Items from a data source
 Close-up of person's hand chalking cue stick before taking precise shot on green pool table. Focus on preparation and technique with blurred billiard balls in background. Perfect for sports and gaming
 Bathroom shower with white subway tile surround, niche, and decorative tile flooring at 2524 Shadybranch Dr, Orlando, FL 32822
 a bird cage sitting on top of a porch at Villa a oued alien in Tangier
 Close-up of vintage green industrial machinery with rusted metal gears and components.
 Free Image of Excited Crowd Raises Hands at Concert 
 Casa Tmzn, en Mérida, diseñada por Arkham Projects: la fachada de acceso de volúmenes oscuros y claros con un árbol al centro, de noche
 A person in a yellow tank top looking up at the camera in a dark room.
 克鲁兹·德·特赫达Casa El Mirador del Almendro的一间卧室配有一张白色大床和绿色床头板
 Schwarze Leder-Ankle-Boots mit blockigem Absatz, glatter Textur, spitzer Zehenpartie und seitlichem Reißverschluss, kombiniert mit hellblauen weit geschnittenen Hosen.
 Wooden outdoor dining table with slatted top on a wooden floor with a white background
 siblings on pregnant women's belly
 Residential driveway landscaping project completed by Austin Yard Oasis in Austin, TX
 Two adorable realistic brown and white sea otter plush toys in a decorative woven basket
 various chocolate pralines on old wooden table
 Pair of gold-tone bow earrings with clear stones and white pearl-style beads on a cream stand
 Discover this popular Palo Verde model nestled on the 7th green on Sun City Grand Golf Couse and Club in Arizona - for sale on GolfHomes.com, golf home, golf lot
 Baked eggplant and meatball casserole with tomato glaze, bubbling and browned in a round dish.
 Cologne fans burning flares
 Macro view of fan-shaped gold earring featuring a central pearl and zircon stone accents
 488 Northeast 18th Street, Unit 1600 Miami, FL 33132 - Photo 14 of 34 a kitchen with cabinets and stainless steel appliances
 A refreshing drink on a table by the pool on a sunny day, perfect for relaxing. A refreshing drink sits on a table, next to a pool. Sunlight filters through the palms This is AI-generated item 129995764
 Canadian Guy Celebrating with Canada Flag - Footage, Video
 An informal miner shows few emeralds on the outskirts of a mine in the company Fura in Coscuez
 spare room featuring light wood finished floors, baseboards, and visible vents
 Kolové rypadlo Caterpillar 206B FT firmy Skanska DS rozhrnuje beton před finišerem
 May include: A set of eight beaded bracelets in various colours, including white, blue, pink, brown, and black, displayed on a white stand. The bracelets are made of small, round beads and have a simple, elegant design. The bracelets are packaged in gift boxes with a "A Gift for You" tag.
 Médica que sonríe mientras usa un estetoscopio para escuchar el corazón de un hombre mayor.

_About this exercise:_ Each of the records should be retyped exactly.

_Worked solution:_
 Close-up of person's hand chalking cue stick before taking precise shot on green pool table. Focus on preparation and technique with blurred billiard balls in background. Perfect for sports and gaming
 Bathroom shower with white subway tile surround, niche, and decorative tile flooring at 2524 Shadybranch Dr, Orlando, FL 32822
 a bird cage sitting on top of a porch at Villa a oued alien in Tangier
 Close-up of vintage green industrial machinery with rusted metal gears and components.
 Free Image of Excited Crowd Raises Hands at Concert 
 Casa Tmzn, en Mérida, diseñada por Arkham Projects: la fachada de acceso de volúmenes oscuros y claros con un árbol al centro, de noche
 A person in a yellow tank top looking up at the camera in a dark room.
 克鲁兹·德·特赫达Casa El Mirador del Almendro的一间卧室配有一张白色大床和绿色床头板
 Schwarze Leder-Ankle-Boots mit blockigem Absatz, glatter Textur, spitzer Zehenpartie und seitlichem Reißverschluss, kombiniert mit hellblauen weit geschnittenen Hosen.
 Wooden outdoor dining table with slatted top on a wooden floor with a white background
 siblings on pregnant women's belly
 Residential driveway landscaping project completed by Austin Yard Oasis in Austin, TX
 Two adorable realistic brown and white sea otter plush toys in a decorative woven basket
 various chocolate pralines on old wooden table
 Pair of gold-tone bow earrings with clear stones and white pearl-style beads on a cream stand
 Discover this popular Palo Verde model nestled on the 7th green on Sun City Grand Golf Couse and Club in Arizona - for sale on GolfHomes.com, golf home, golf lot
 Baked eggplant and meatball casserole with tomato glaze, bubbling and browned in a round dish.
 Cologne fans burning flares
 Macro view of fan-shaped gold earring featuring a central pearl and zircon stone accents
 488 Northeast 18th Street, Unit 1600 Miami, FL 33132 - Photo 14 of 34 a kitchen with cabinets and stainless steel appliances
 A refreshing drink on a table by the pool on a sunny day, perfect for relaxing. A refreshing drink sits on a table, next to a pool. Sunlight filters through the palms This is AI-generated item 129995764
 Canadian Guy Celebrating with Canada Flag - Footage, Video
 An informal miner shows few emeralds on the outskirts of a mine in the company Fura in Coscuez
 spare room featuring light wood finished floors, baseboards, and visible vents
 Kolové rypadlo Caterpillar 206B FT firmy Skanska DS rozhrnuje beton před finišerem
 May include: A set of eight beaded bracelets in various colours, including white, blue, pink, brown, and black, displayed on a white stand. The bracelets are made of small, round beads and have a simple, elegant design. The bracelets are packaged in gift boxes with a "A Gift for You" tag.
 Médica que sonríe mientras usa un estetoscopio para escuchar el corazón de un hombre mayor.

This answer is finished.